Professor Shane Ahyong
Professor Shane Ahyong has been appointed the Acting Chief Scientist of the AM following a distinguished local and international career. He is also AMRI’s Principal Research Scientist.
Professor Shane Ahyong has spent a lifetime exploring all things marine and freshwater, being driven by a fascination for aquatic life. He has some 30 years’ experience in the systematics of aquatic invertebrates, especially crustaceans.
Professor Ahyong is a world authority on the phylogeny and systematics of stomatopod and decapod crustaceans, such as mantis shrimps, crabs and lobsters, making up some 15,000 species worldwide. His research examines all aspects of the crustacean tree-of-life, fossil to living, in order to understand how they have evolved and how they live today.
In 2010, Shane took on his current role at the Australian Museum where he maintains strong local and international collaborations.

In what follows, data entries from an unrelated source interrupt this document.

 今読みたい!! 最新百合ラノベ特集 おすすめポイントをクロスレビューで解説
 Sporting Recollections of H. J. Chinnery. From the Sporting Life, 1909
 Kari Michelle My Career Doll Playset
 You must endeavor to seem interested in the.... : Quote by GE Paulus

He has published widely, spanning research papers, book chapters and books, mostly on taxonomy and phylogenetics of marine and freshwater invertebrates, and has described more than 300 new species.

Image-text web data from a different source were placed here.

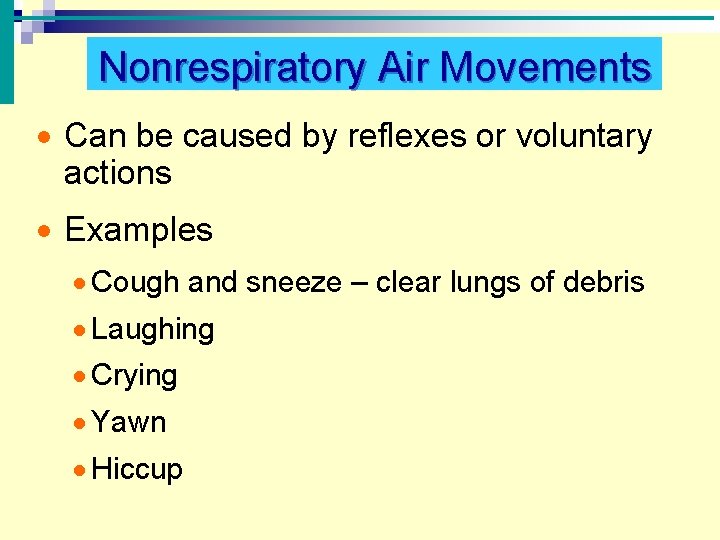 Nonrespiratory Air Movements · Can be caused by reflexes or voluntary actions · Examples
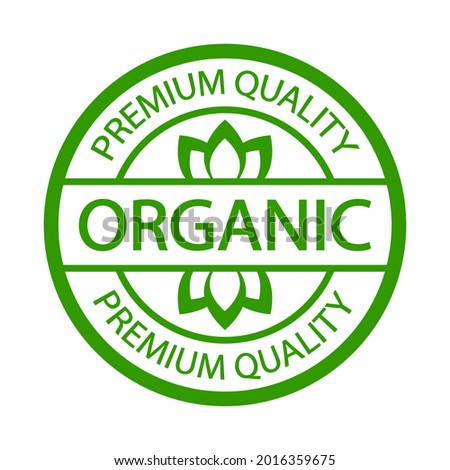 Organic. Premium quality. Plant based vegan food product label. Green round stamp. Logo or icon. Diet. Sticker. Vegeterian	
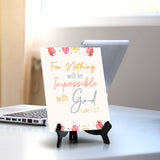 For nothing will be impossible with God Luke 1:37 6 x 8" Table Sign With Acrylic Easel | Religious Bible Quotes Decor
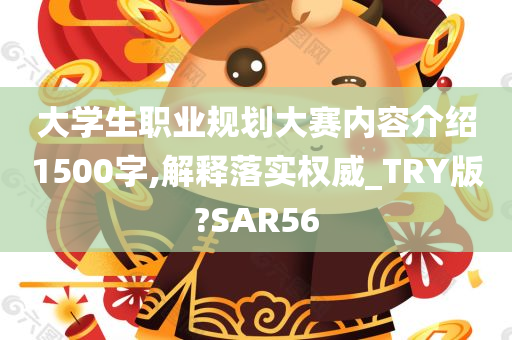 大学生职业规划大赛内容介绍1500字,解释落实权威_TRY版?SAR56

Shane serves on the Fish Names Committee for the Australian Fish Names Standard (FRDC) and Aquatic Plant Names Committee for the Australian Aquatic Plant Names Standard (FRDC). He also serves on two international bodies dealing with global species name standards: as a Commissioner on the International Commission of Zoological Nomenclature (ICZN) and as Chair of the Steering Committee of the World Register of Marine Species (WoRMS).

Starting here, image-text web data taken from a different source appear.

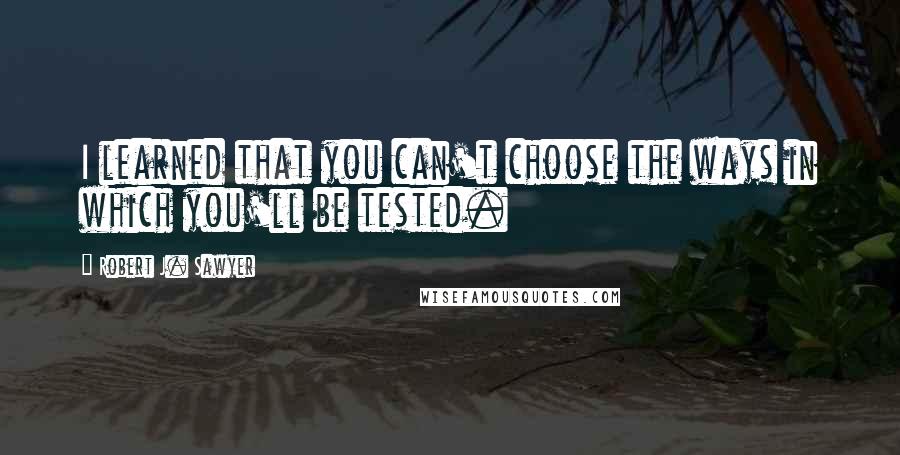 Robert J. Sawyer Quotes: I learned that you can't choose the ways in which you'll be tested.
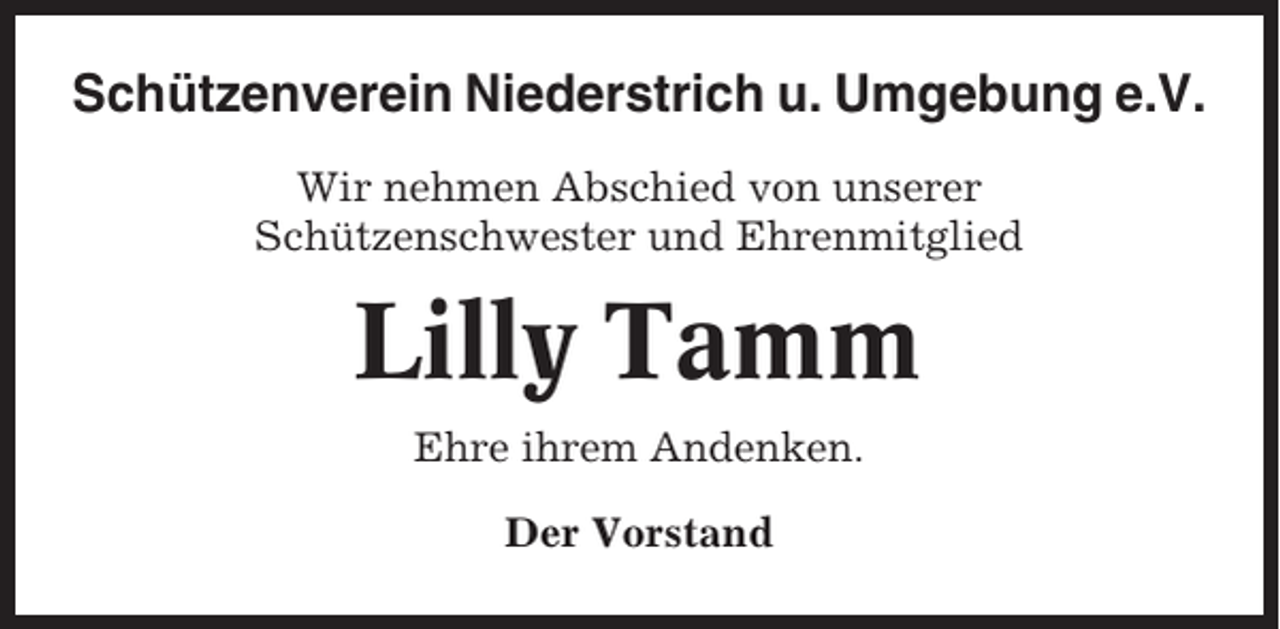 <p>Schützenverein Niederstrich u. Umgebung e.V.<br />Wir nehmen Abschied von unserer<br />Schützenschwester und Ehrenmitglied</p><p>Lilly Tamm<br />Ehre ihrem Andenken.<br />Der Vorstand</p>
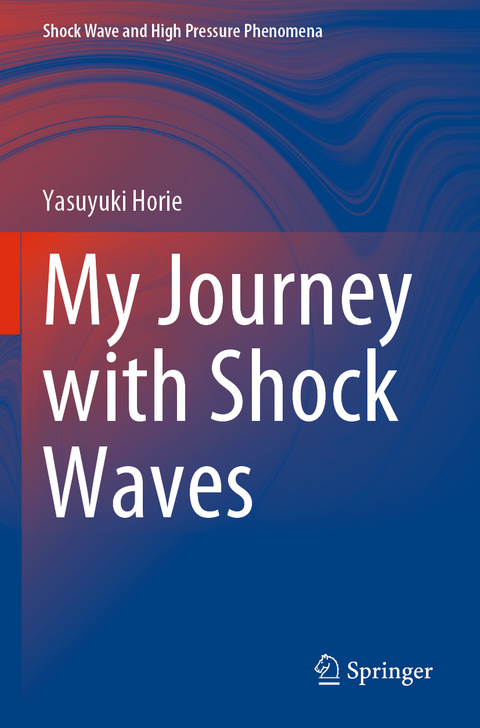 My Journey with Shock Waves - Yasuyuki Horie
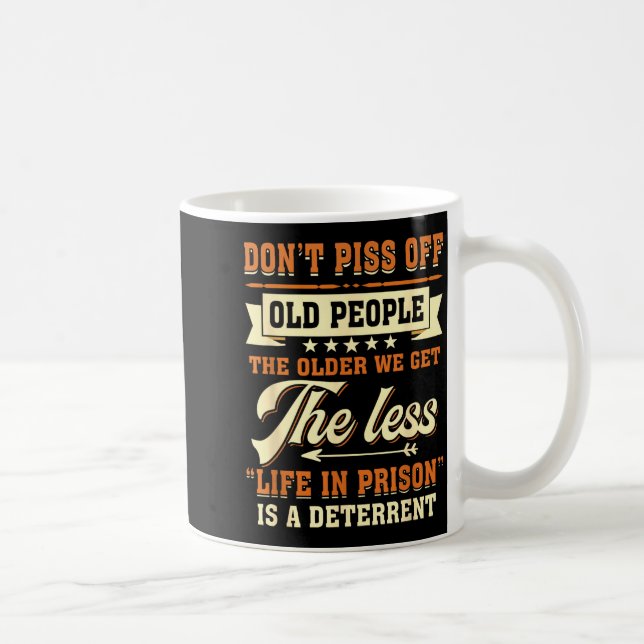 Dont Off People Older We Get The Less Life In Pris Kaffemugg (Höger)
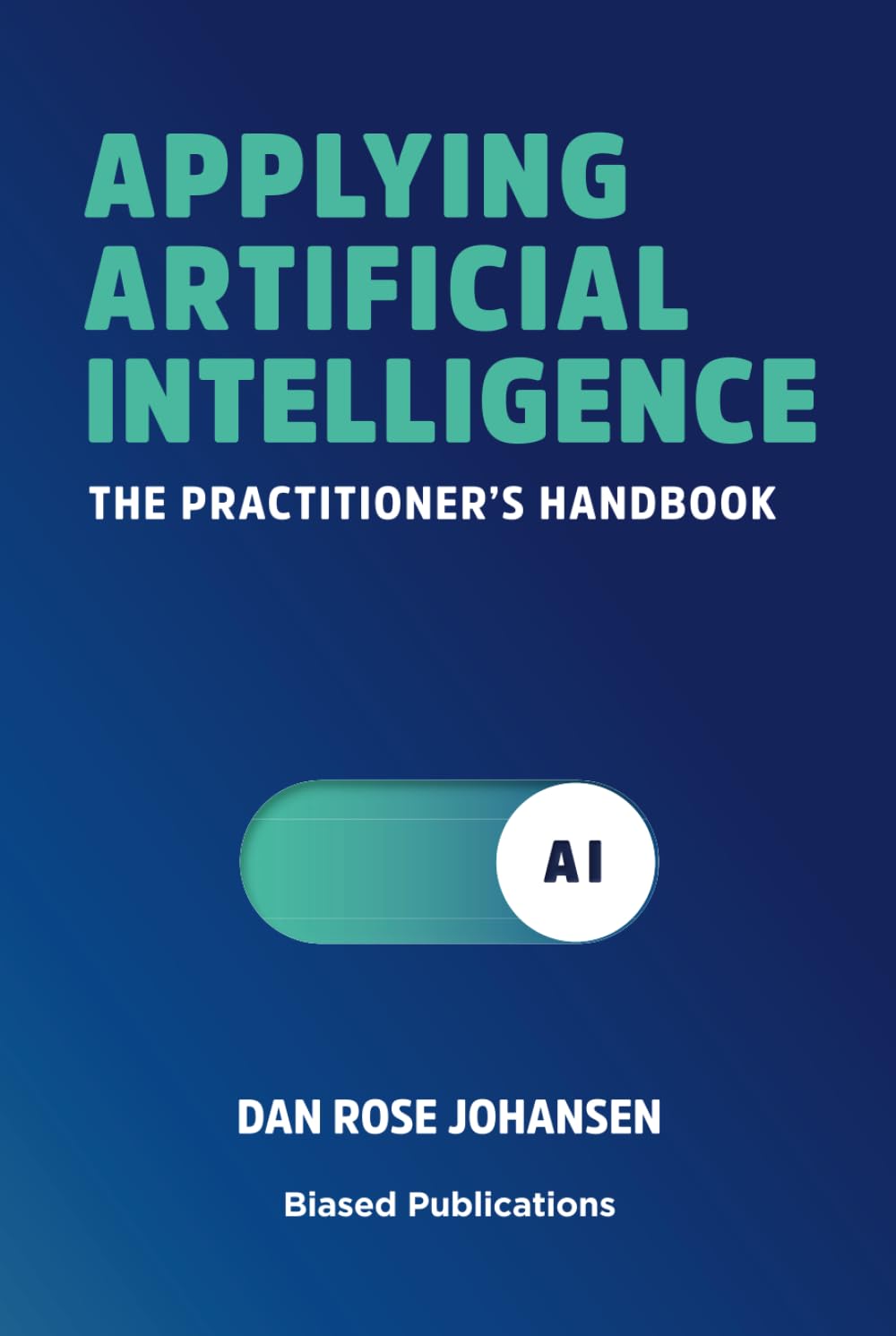 Applying Artificial Intelligence: The Practitioner's Handbook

He is currently included in the Stanford University list of the top 2% most influential scientists worldwide. Two recent discoveries include an unusual new species of mantis shrimp recognised by the World Register of Marine Species (WoRMS) as one of the Top 10 new species described in 2024, and new species of Giant Deep-Sea isopod (Bathynomus) from 2500m deep in the Sulu Sea, the deepest known record for the genus.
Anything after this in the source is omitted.